DIRECTIONS FOR THIS TASK
Please set down the data again exactly, minus the pictures.

--------

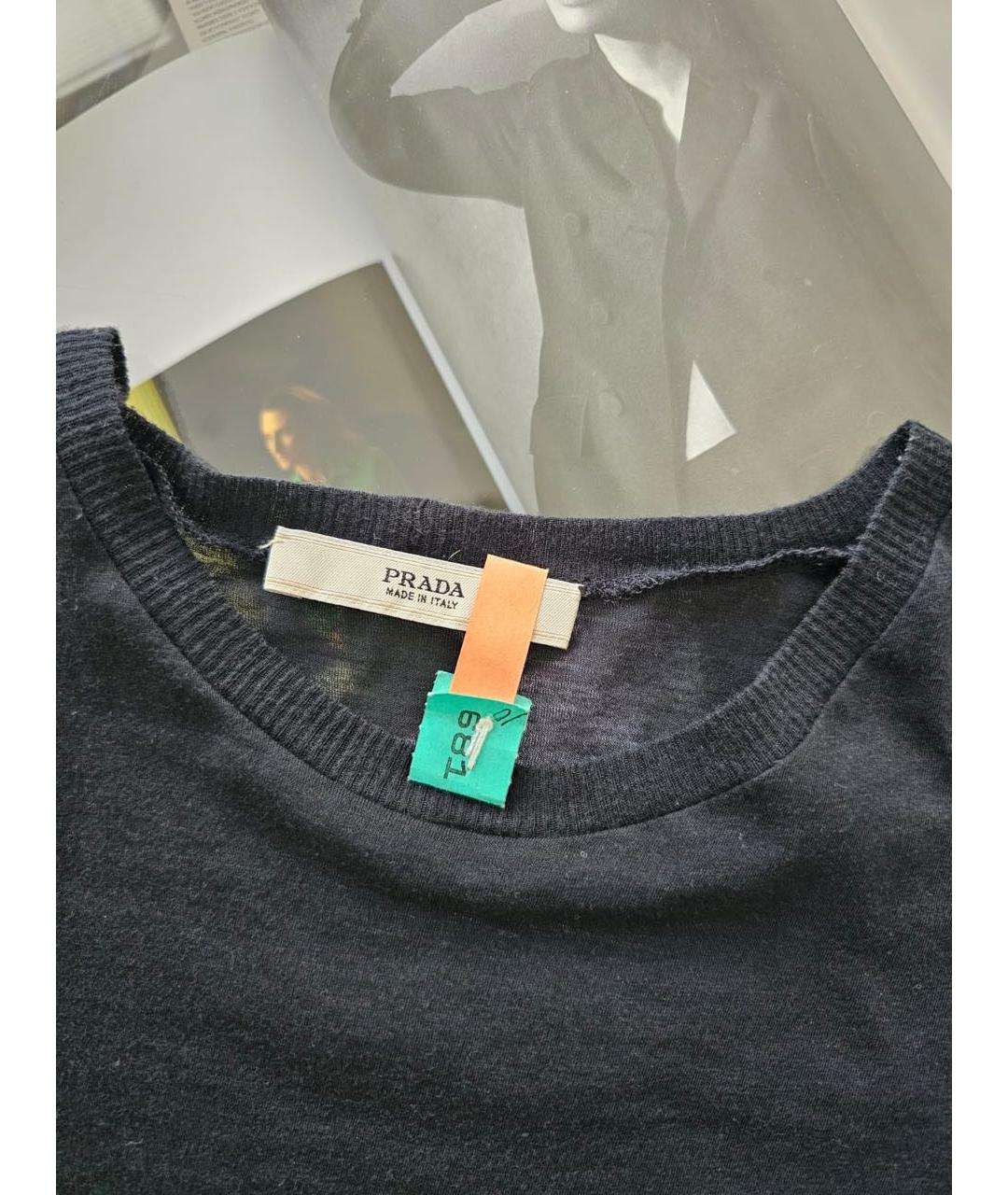 PRADA Черная футболка, фото 3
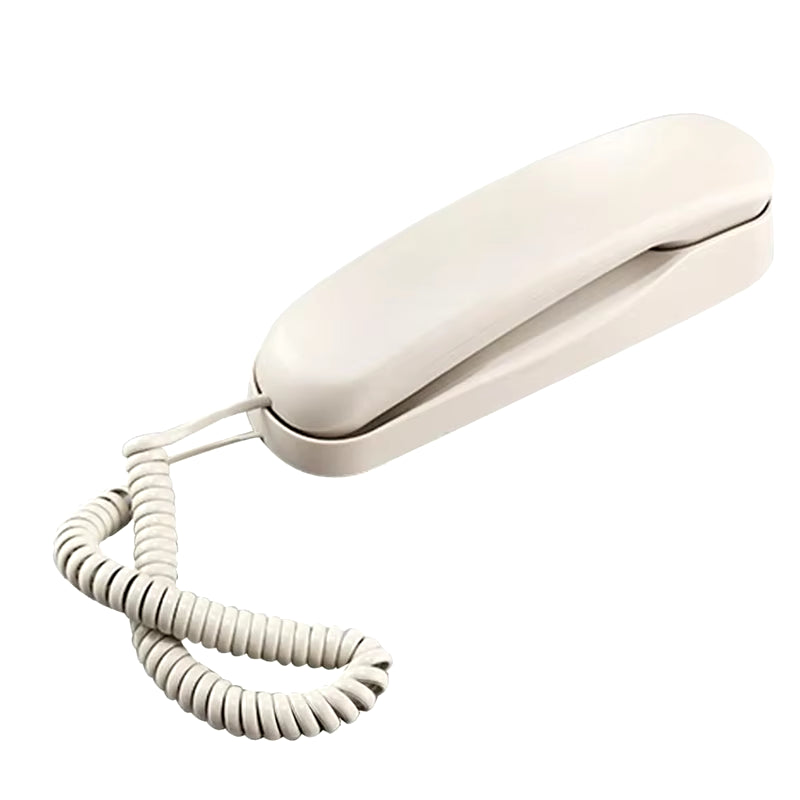 Corded Wall Phone, Trimline Phone for Hotel, Landline Wall Telephone Set for Home/Bathroom/School/Office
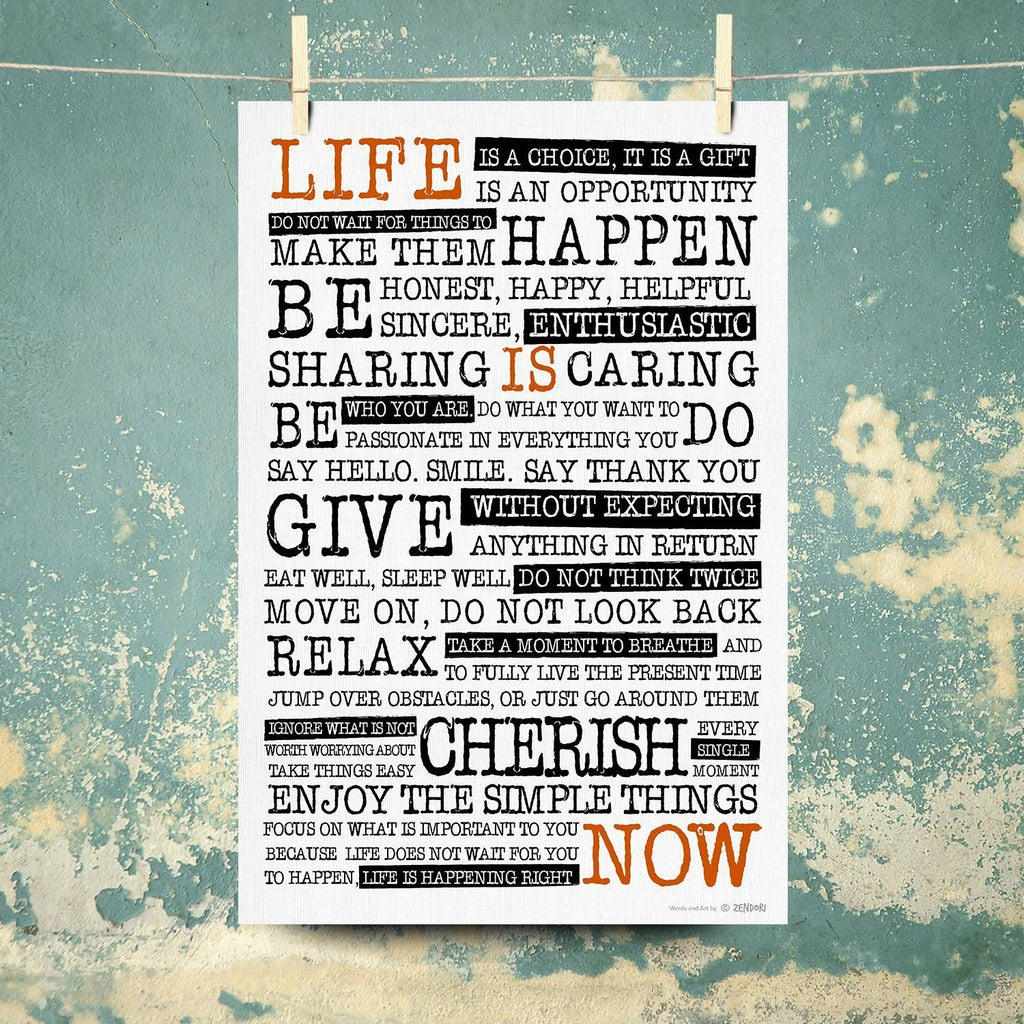 Life Is Now Manifesto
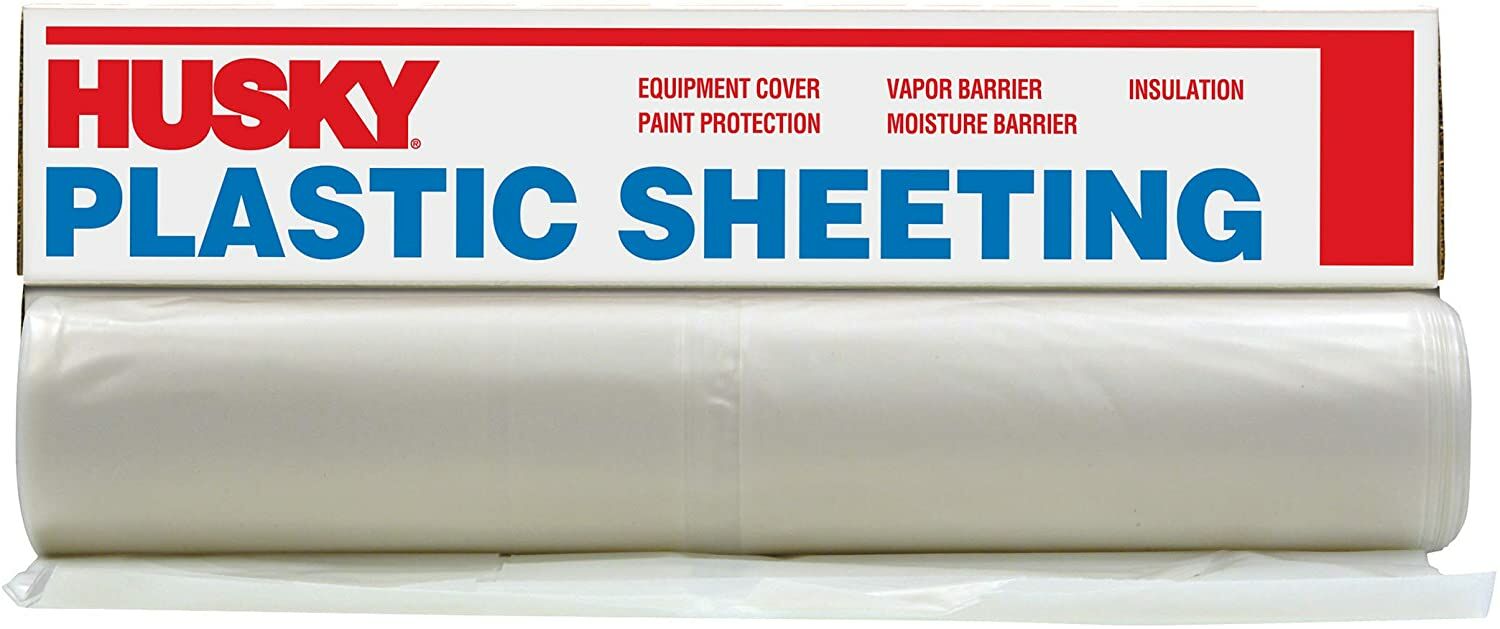 12-Ft x 50-Ft 6-Mil Clear Poly Medium Duty Sheeting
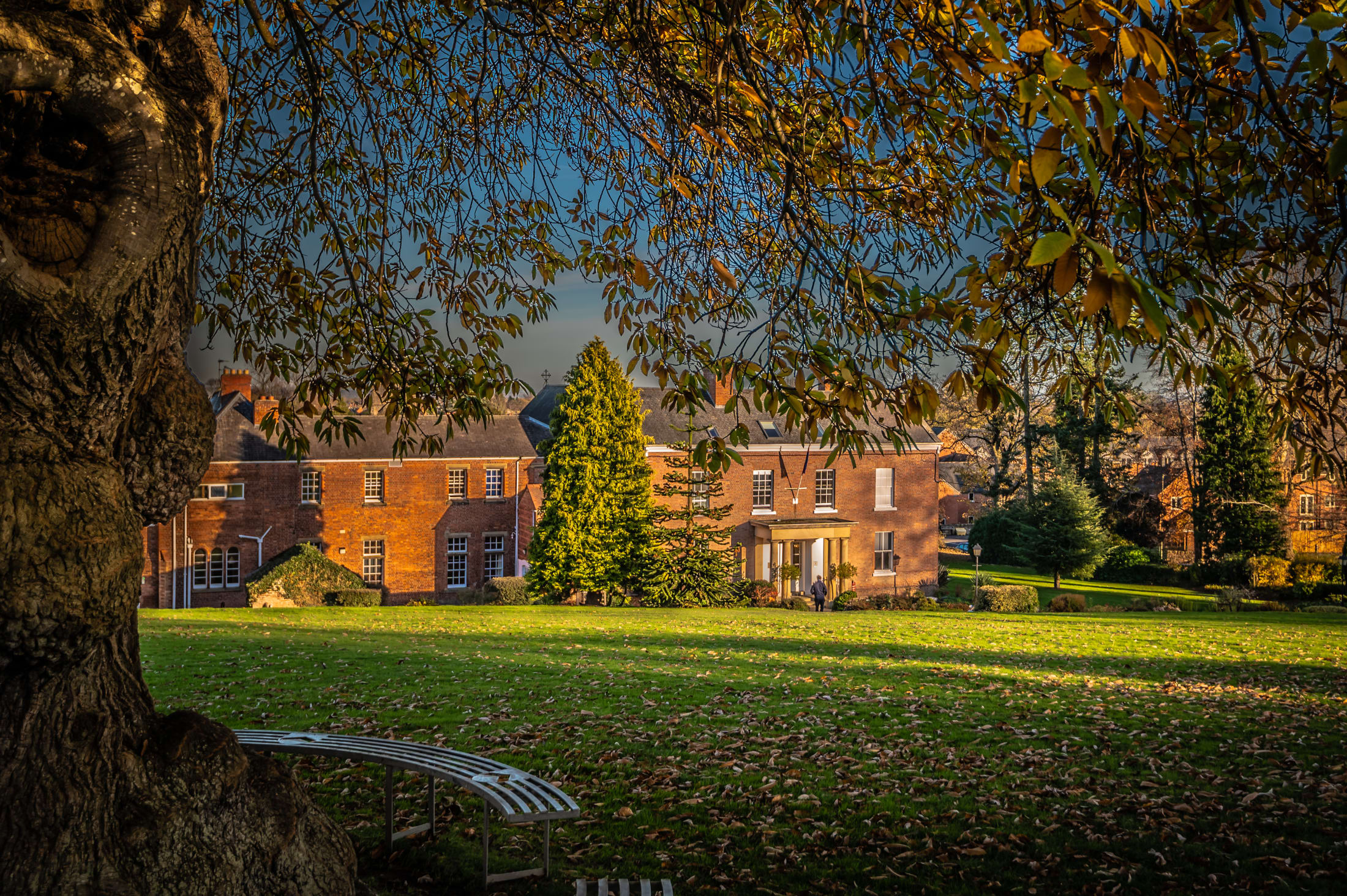 Exterior of Oswestry School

--------

RESPONSE TO THE TASK
 PRADA Черная футболка, фото 3
 Corded Wall Phone, Trimline Phone for Hotel, Landline Wall Telephone Set for Home/Bathroom/School/Office
 Life Is Now Manifesto
 12-Ft x 50-Ft 6-Mil Clear Poly Medium Duty Sheeting
 Exterior of Oswestry School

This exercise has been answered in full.